Entertainment

PICCOLO ‘FLUTE’ PRESENTED IN PARK

AS omens go, this was a prom ising one: During the rainiest June in memory, the financially strapped New York City Opera dared to offer an outdoor performance — and an estimated 3,000 New Yorkers dared to turn out for it.

On Thursday evening, nature gave the company a break, bathing “The Magic Flute” in the golden glow of sunset.

The concert in Battery Park City’s Rockefeller Park condensed Mozart’s three-hour saga of initiation into a mystical brotherhood to an hour of highlights.

Lots of music had to be cut, including several numbers for the heroine Pamina, but soprano Lielle Berman brought intensity and an interesting dark vocal color to what remained. Tenor Brian Anderson triumphed over a malfunctioning headset microphone to deliver a sweet and graceful “Portrait Aria.”

As the mysterious high priest Sarastro, bass Eric Jordan made the most of his single solo, adorning the final phrase with a descent to a rumbling low E. In the intact role of the Queen of the Night, soprano Amy Shoremount-Obra delivered her money notes efficiently and looked regal in a midnight-blue ball gown.

The “comic” segments of “Magic Flute” generally turn out anything but, based as they are on gags that modern audiences find sexist and racist. Tenor Jeffrey Halili lavished a handsome light tenor on the role of Monostatos, the African slave who threatens Pamina. He played a character, not a stereotype, and won laughs even from the toddlers in the audience.

The opera’s other comedian, the bird-catcher Papageno, was assigned to the baritone Michael Zegarski.
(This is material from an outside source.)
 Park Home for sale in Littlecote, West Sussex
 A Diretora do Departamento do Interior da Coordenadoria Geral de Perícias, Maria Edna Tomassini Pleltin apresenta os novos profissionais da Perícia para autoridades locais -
His voice is less than robust, and his puffy shirt, sunglasses and feathered cocktail hat suggested he took too literally his character’s line, “I’m the gayest fellow you ever did see.”

Conductor Jayce Ogren heroically kept the performance moving forward despite a cranky sound system and strings that sagged out of tune in the stifling humidity. City Opera’s staff director Beth Greenberg devised a straightforward, family-friendly staging in the limited space of an outdoor concert platform.

On Nov. 5, the troupe returns to its usual haunt, the Koch Theater in Lincoln Center. There it will try to please a paying public that may be even more fickle than New York’s weather.

THE MAGIC FLUTE

New York City Opera, Battery Park City.